4-vc-dimension
VC Dimension
Recall that in Massart lemma, we transfer our focus from the hypothesis set to \(\{ [h(x_1),\dots,h(x_n)]: h \in \mathcal{H} \}\) to give \(M\). Another aspect is this set’s cardinality \(t\), especially its relation with \(n\) and \(d\). In classification task, \(t\textendash n\) relation corresponds to label assignment which easily goes to exponential. But we particularly hope that this is not the case.
We restrict ourselves to binary classification task and zero/one-loss in this section.
Definition: shattering coefficient. Given a function set \(\mathcal{F}\) whose members map a feature vector \(x \mapsto \mathcal{X}\) to \(\mathcal{Y} = \{ 0,1 \}\), we define shattering coefficient \(s(\mathcal{F}, n)\) as the maximum number of different label assignment over datasets of size \(n\), i.e. \(\{ x_1,\dots,x_n \} \to \mathcal{X}^n\): \[ s_\mathcal{F}(n) \triangleq \max_{x_1,\dots,x_n \in \mathcal{X}} \left| \{ [f(x_1),\dots,f(x_n)]: f \in \mathcal{F} \} \right| \] A trivial upper bound for shattering coefficient is \(2^n\).

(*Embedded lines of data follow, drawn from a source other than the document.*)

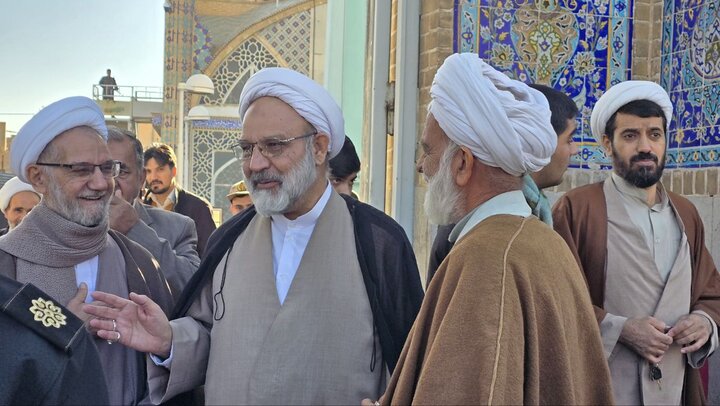 تجدید میثاق با ولایت در یوم‌الله ۹ دی؛ حضور مدیر و کارکنان حوزه علمیه خواهران استان یزد در مراسم روز بصیرت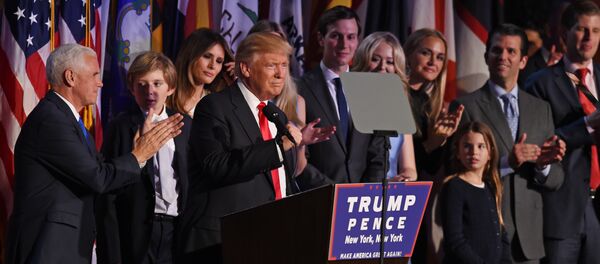 В штабе избранного президента США Дональда Трампа В штабе избранного президента США Дональда Трампа - Sputnik Южная Осетия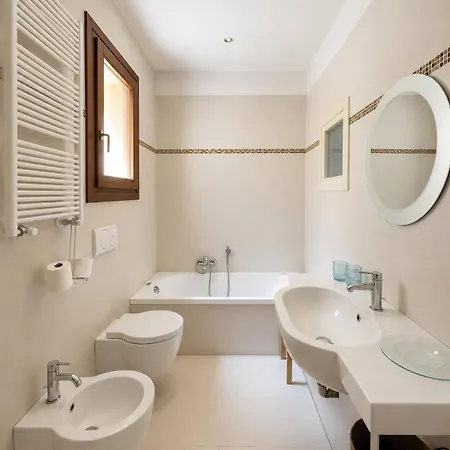 Appartement Spacious, Bright And Airy Flat At Accademia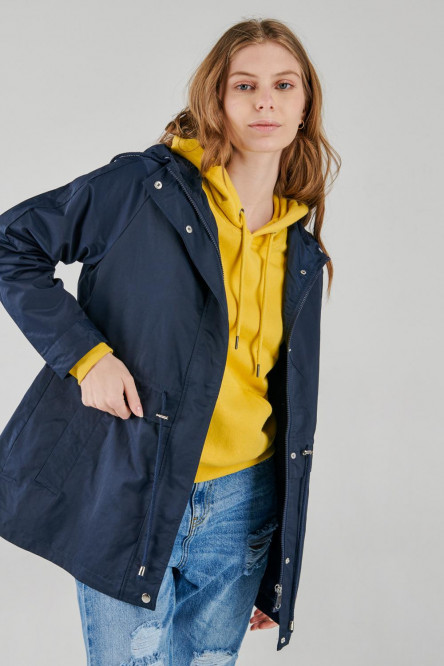 Chaqueta parka con capota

Corollary: Massart lemma applied to shattering coefficient. Given function set \(\mathcal{F}\) whose members map the input to \(\mathcal{Y} = \{ 0,1 \}\), a direct application of Massart lemma (\(M=1, t = s_\mathcal{F}(n)\)) gives the following bound on its empirical Rademacher complexity over every dataset \(\mathrm{X}\) of size \(n\): \[ \newcommand{\r}{\mathsf{R}} \hat \r_\mathrm{X}(\mathcal{F}) \le \sqrt{\frac{2 \log s_\mathcal{F}(n)}{n}} \] As a result, \[ \r_n(\mathcal{F}) \le \sqrt{\frac{2 \log s_\mathcal{F}(n)}{n}} \]
Definition: VC dimension. Given a function set \(\mathcal{F}\) with Boolean output in \(\mathcal{Y}=\{ 0,1 \}\), we define its VC dimension \(\newcommand{VC}{\mathrm{VC}} \VC(\mathcal{F})\) as the size \(n\) of the largest dataset \(S\) that can be shattered by \(\mathcal{F}\): \[ \VC(\mathcal{F}) = \sup\{ n: S_\mathcal{F}(n) = 2^n \} \] where \[ S_\mathcal{F}(n) = \left| \{ [f(x_1),\dots,f(x_n)]: f \in \mathcal{F} \} \right|,\ x_1\dots,x_n \in S \]

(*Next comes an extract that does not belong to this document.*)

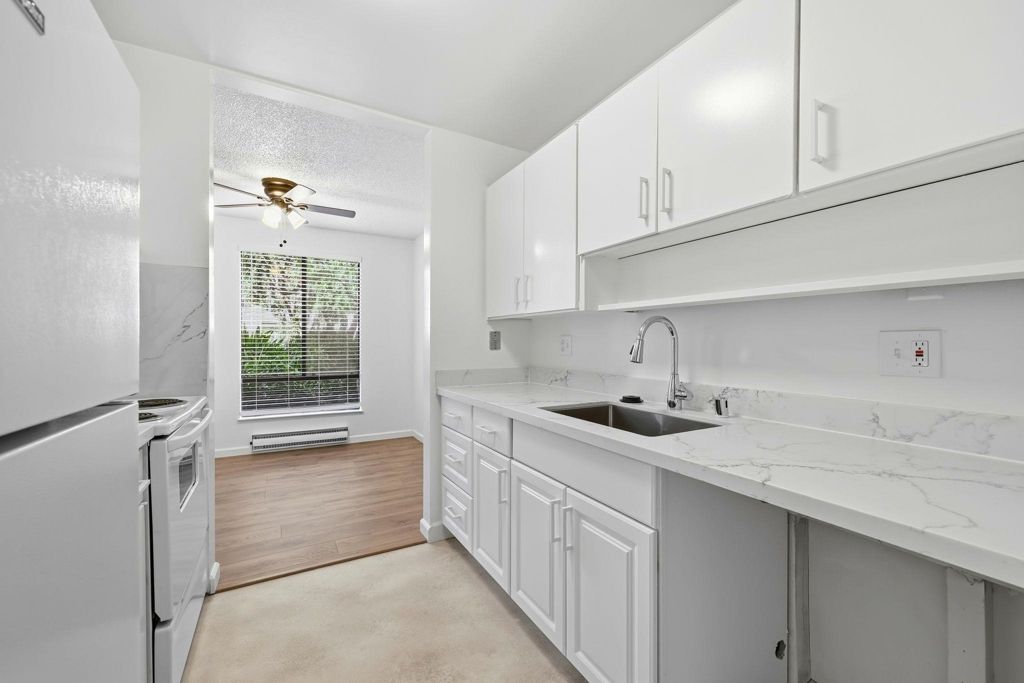 Image 9 of property listing at 4 4 Admiral Drive 226, Emeryville, CA 94608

VC dimension kind of reflects the richness of the function set in classification task.
Examples
Here are some examples of function set:
Interval functions: \(\mathcal{F}_\text{int} = \{ f_{a,b}(x) = \one[a \le x \le b]: a,b \in \R \}\)

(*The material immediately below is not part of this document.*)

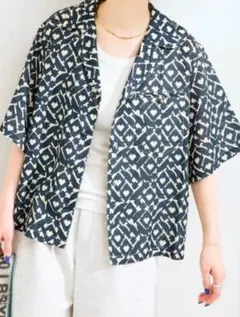 【新品未着用】Simplicite ストロークプリントクロップSSシャツのサムネイル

The VC dimension is \(2\). Actually, the shattering coefficient \(s_{\mathcal{F}_\text{int}}(n)\) for the set of interval functions is \(\binom{n+1}{2} + 1\).
The implication of this example is that the VC dimension is usually the dimension of parameter that characterizes the function set.
Binarized sinus functions: \(\{ f(x) = \one[\sin(\omega x) \le 0]: \omega \in \R \}\)
The VC dimension is \(\infty\). We show this by construction. Consider the data points \(x_1,\dots,x_n\) where \(x_i = 2^i\). Denote as \(y_1,\dots,y_n\) the output. Then it is necessary that \(\omega x_i\) is between \((2k_i+1)\pi\) and \((2k_i + 2y_i)\pi\) for some \(k_i\). We show that setting \(\omega = (0.y_1 \cdots y_n)_2 \pi\) suffices. \[ \begin{aligned} \sin(\omega x_i) &= \sin((y_1 \cdots y_i.y_{i+1} \cdots y_n)_2 \pi) \\ &= \sin((y_i.y_{i+1} \cdots y_n)_2 \pi) \\ &= y_i \end{aligned} \] This holds for any \(y_1,\dots,y_n\). As a result, the shattering coefficient for the set of binarized sinus functions is \(2^n\).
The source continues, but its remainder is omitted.